Metrics forwarding has worked perfectly for multiple weeks.
We receive metrics that both Fly itself exposes as well as our own custom metrics in our Grafana dashboards without problems.
- Between 13:15:45CET and 13:23:45CET measurements are missing.
- Between 13:23:45CET and 13:34:00CET measurements arrived again.
- After 13:34:00CET no more measurements arrived.
(CET = Central European Time, UTC+1)
Even stranger is the view of another graph. Here you can see that measurements started coming in more and more infrequently, with the first hole happening around 12:01:45CET.

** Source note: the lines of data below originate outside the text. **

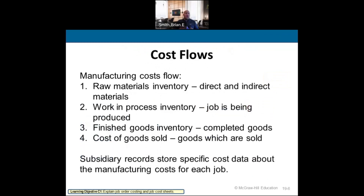The flow is the same as any other system. We start with raw materials, which include direct and indirect materials, then move to work-in-process inventory where the job is being produced and direct labor is applied. From there, costs move to finished goods inventory when the job is complete and ready to sell. Once sold, it moves to cost of goods sold.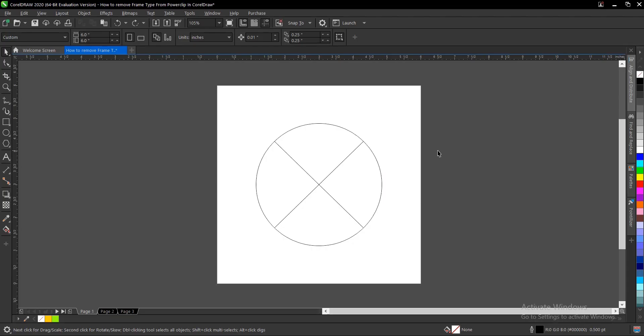Here's how to remove a frame from a power clip in CorelDRAW. It's very simple and easy to do. Let's take for instance this circle shape you have - it might be any other shape.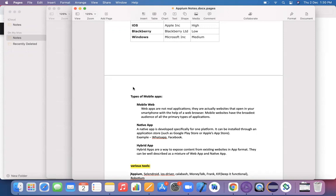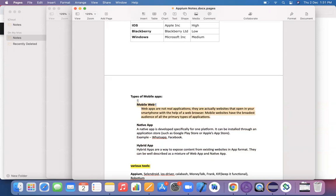In real-world projects, you will encounter three different types of mobile apps: mobile web apps, native apps, and hybrid apps. A mobile web app is when you open something like www.amazon.com in your mobile Chrome browser without downloading it from the Play Store. You access it through the browser itself — these are called mobile web apps.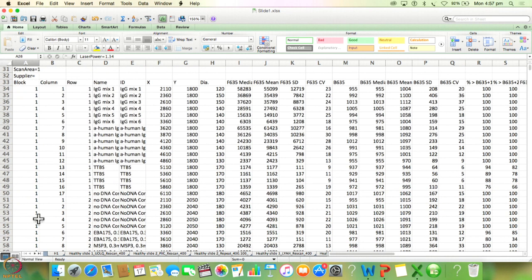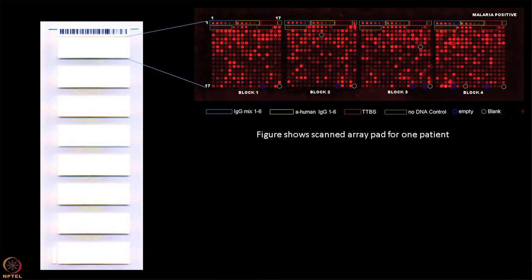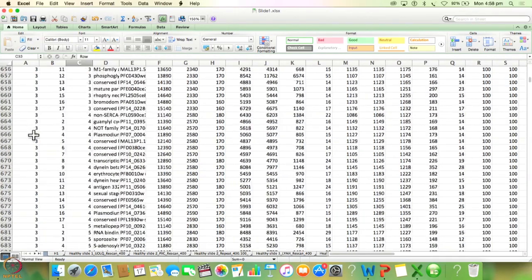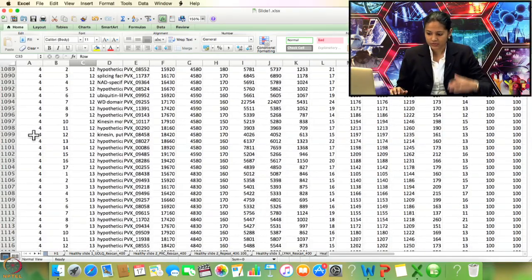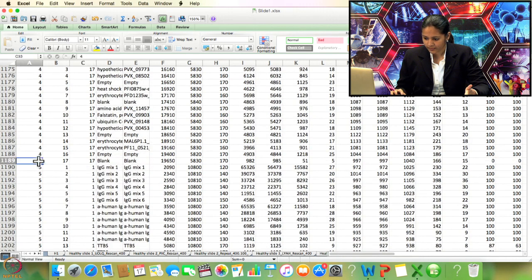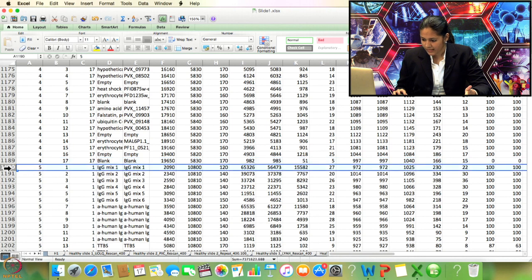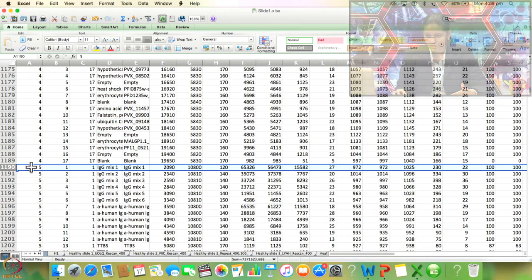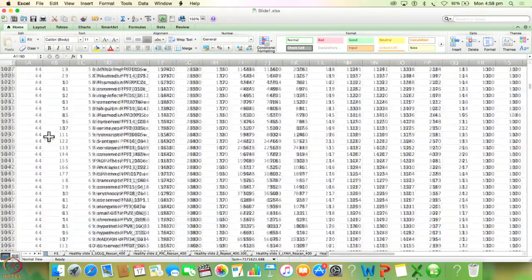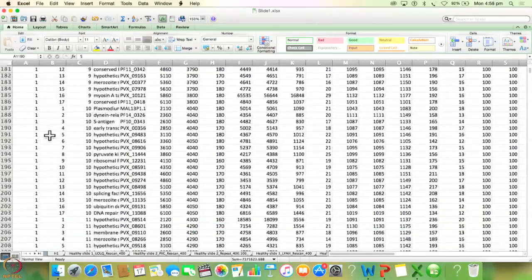Scrolling down, you see block, column, and row. This is very important. One slide probes 8 patient sera, and one pad (which probes one patient sera) has 4 blocks. Every 4 blocks represents 1 patient's data. When you scroll to block 5, a new patient begins. For example, where block 4 ends with 'blank', you will see IgG mix 1 starting again — that is your new patient. We are going to first reorganize this data.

I have SSH’d to the instances and confirmed that the metrics page exposed by prometheus at
0.0.0.9394/metrics is still fully operational.
Therefore I expect that the problem is somewhere in Fly’s metrics forwarding infrastructure.
Could you investigate what is going on?
Is this impacting a particular app or region, or is it widespread throughout all apps / regions across your org? Are specific metrics impacted, or all metrics in the org (both internal/platform and custom metrics)? And just to confirm, the above Grafana screenshots are using Fly Prometheus as a datasource directly, not your own Prometheus getting metrics forwarded to it?
Thank you, great questions!
- Only the custom metrics were impacted;
- For one particular app. (that only runs instances in the
- These screenshots are from Fly’s Grafana, using ‘Fly Prometheus’ as data source.
Strangely enough, the metrics worked again after a cluster reboot.
However, it has worked for days without problems.
And the fact that data started disappearing slowly rather than a full cutoff as can be seen from the ‘Jobs in queue’ graph and because the prometheus metrics page was still perfectly healthy when inspecting it using
curl 0.0.0.:9394/metrics from within the instances makes me think that there really was something wrong in the metric forwarding infrastructure.
There don’t seem to be any issues with the metrics infrastructure, the issue seems to be somewhere in your application’s Ruby metrics collector. The
/metrics endpoint continues responding but application metrics stop getting exported at some point. I noticed a metric
ruby_collector_working starts flipping from
0 with the exact pattern your other metrics start disappearing, so that’s a lead you can follow.
Thank you very much for digging deep into this issue! We will investigate it on our end.